Monday, June 30

Happy Days, Theatre Royal

Cast your mind back almost 60 years to Milwaukee, Wisconsin, in 1959.

Richie Cunningham and his friends are about to graduate from High School – and there’s the little matter of getting his love life on a firm footing too!

Solid performances from the boys’ new harmony group The Dial-Tones, along with duets from Marion and Joanie (Cheryl Baker and Emma Harrold) were among the first act highlights, as we learn in a straightforward plotline that Arnold’s Diner is under threat from developers. 

A fundraiser with the Fonz (Emmerdale’s Ben Freeman) as the star turn would bring in some money for a fighting fund. Alas, as the curtain falls on Act I, Fonzie has ridden off into the night to escape his responsibilities – which include former squeeze Pinky Tuscado, played by former Sugababe Heidi Range.

Great care had been taken with some superb scenery, clever scene changes and neat changes of pace - such as the Leopard Lodge scene, where Howard’s (James Paterson’s) comic secret society does its work – move the story along.

Deft little touches like Howard Cunningham’s cardigan and Big Al’s white hat for the diner brings the characters from the TV show to life in this brand new musical, enjoying only its second week for its stint in Nottingham.

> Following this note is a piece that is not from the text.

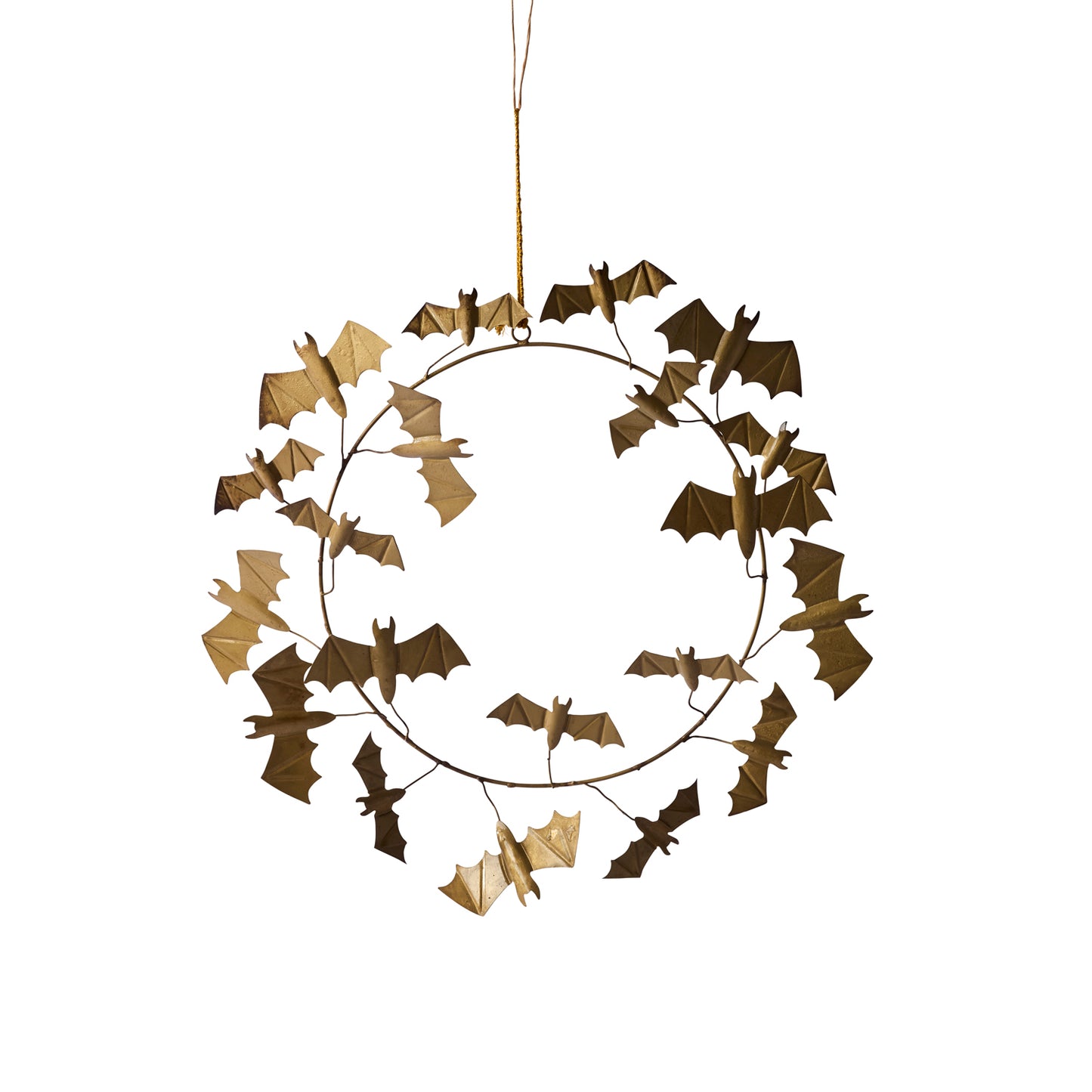 Winged Bat Wreath Set of 2 By Accent Decor | Wreath | Modishstore - 2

But there was a nagging feeling at the interval that something was required to lift the show. The orchestra was a little too panto-esque to be big band, and with a little too much grimacing from Fonzie, no single character having the presence required to take over the stage - and the lack of a show-stopping number - we were ready for the party to start in Act II.

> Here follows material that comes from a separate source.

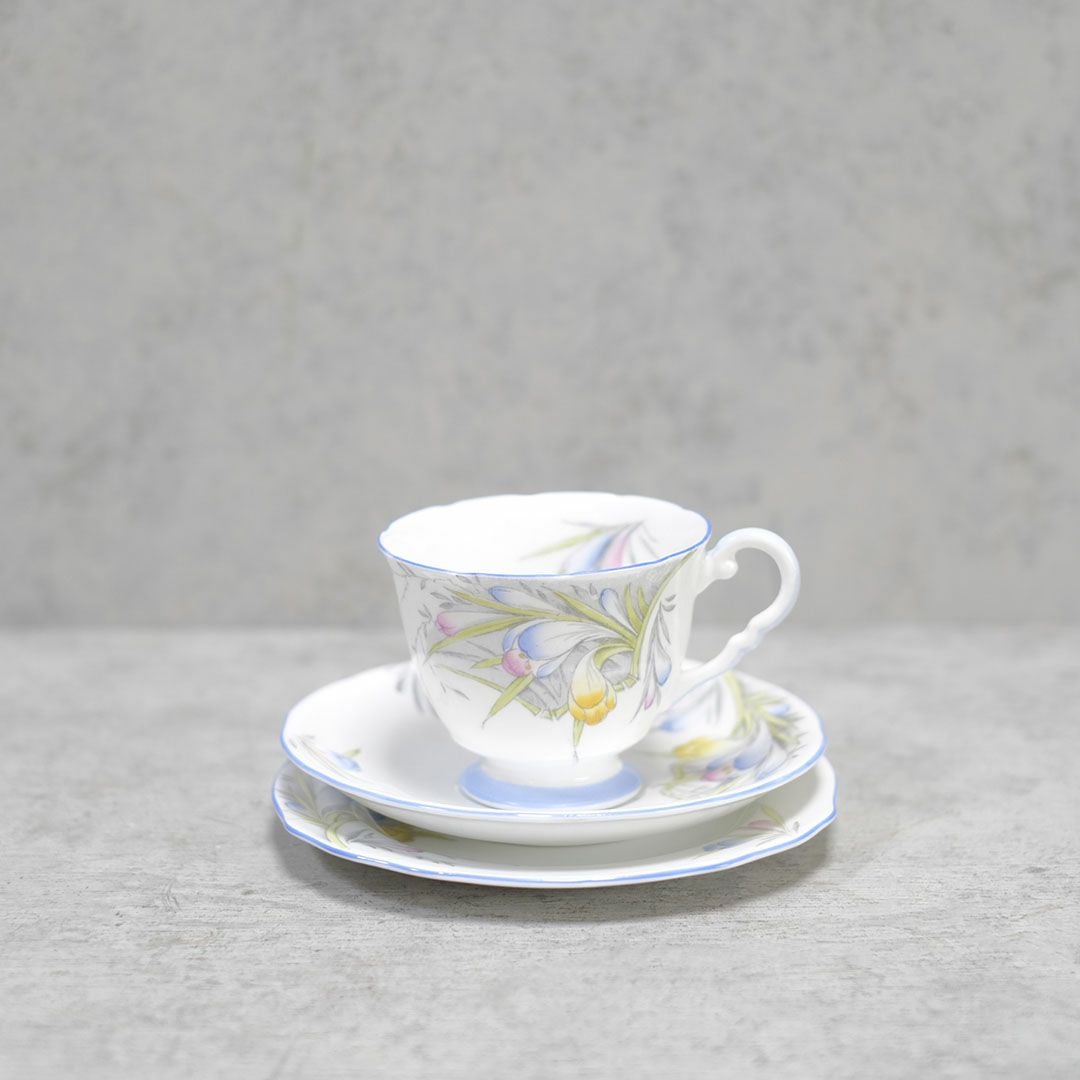 アンティークティーカップ2陶器 ROYAL STAFFORD ロイヤルスタッフォード2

And yes, the musical numbers after the interval were bigger and more accomplished, the show had finally made its mind up to take things less seriously and the actors were hamming things up as they should. We saw Cheryl’s fine pair of pins, shared some ‘in’-jokes and enjoyed the creative theatre that brought the fundraiser to its inevitable conclusion.

There are over 20 new songs to enjoy – and therein may be exactly what’s holding the audience back; I’m not sure there’s a chart-topper in this musical.

But if you can free your mind of the 70s television show – and what the “real” Fonz looks and sounds like – and throw yourself into the 50s, you could get along and be able to say you were in at the start of something new.